:: Work instruction ::
Please output every line of the material as it stands, without the pictures.

:: Dataset content ::

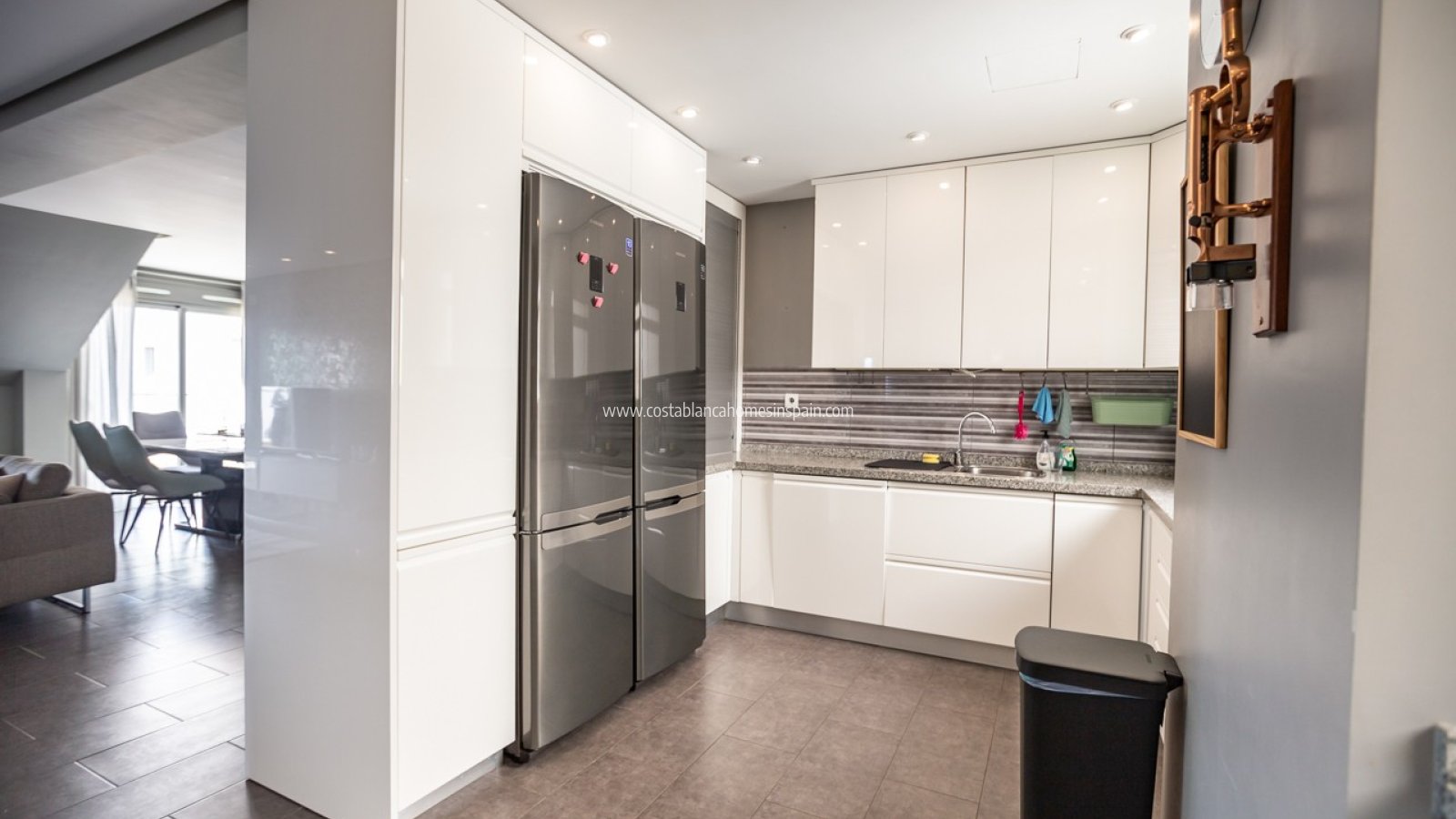 Resale - Apartment - Villamartin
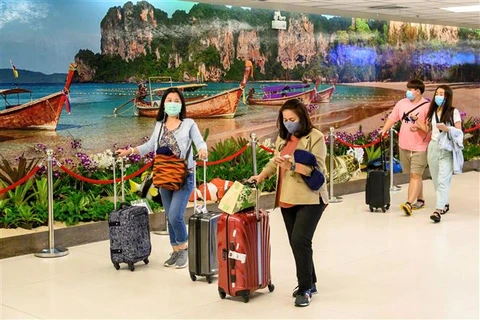 Khách du lịch tới sân bay quốc tế Phuket (Thái Lan), ngày 22/11/2020. (Ảnh: AFP/TTXVN)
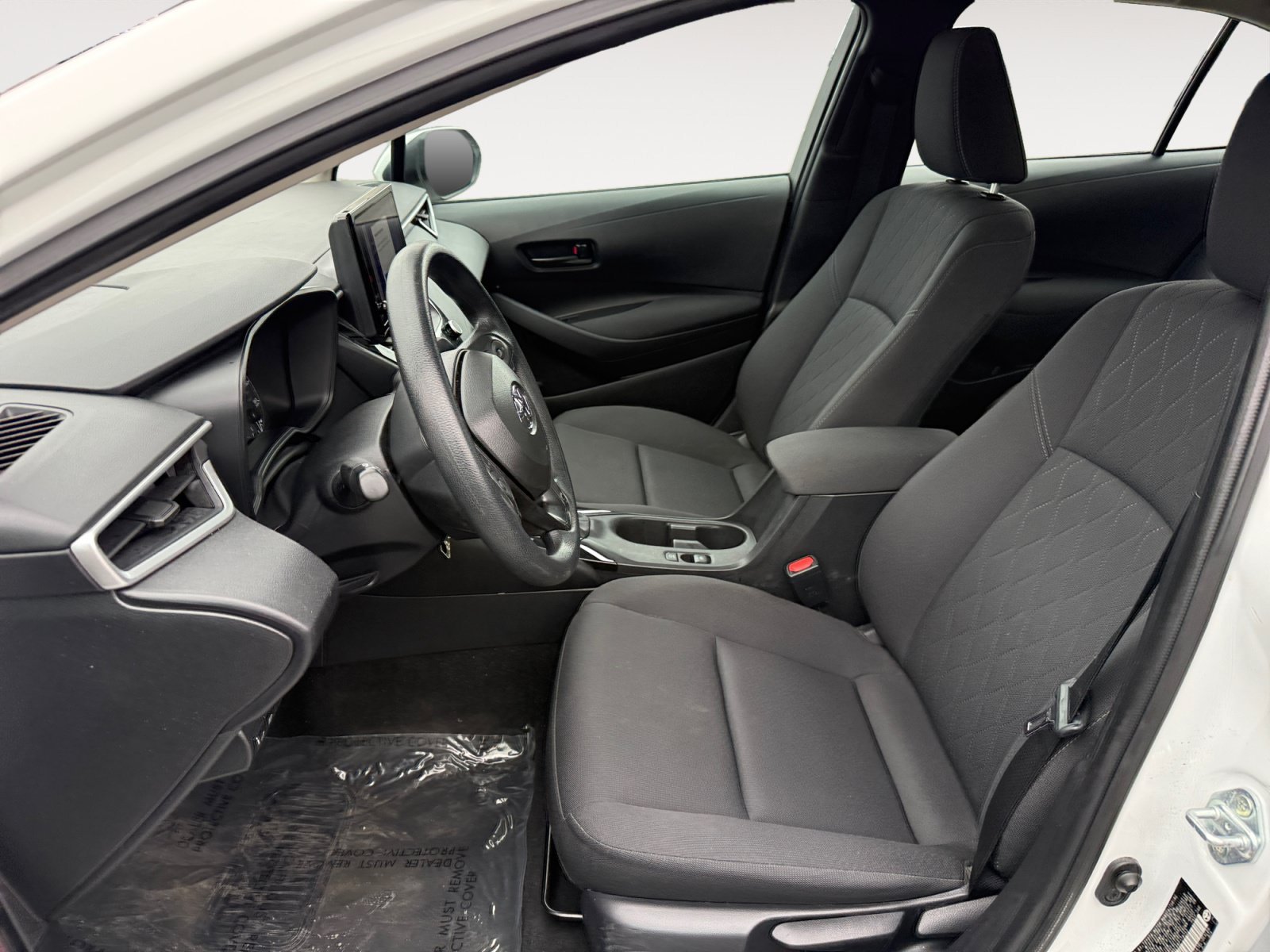 Used 2024 Ice Toyota LE image 10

:: Response below ::
 Resale - Apartment - Villamartin
 Khách du lịch tới sân bay quốc tế Phuket (Thái Lan), ngày 22/11/2020. (Ảnh: AFP/TTXVN)
 Used 2024 Ice Toyota LE image 10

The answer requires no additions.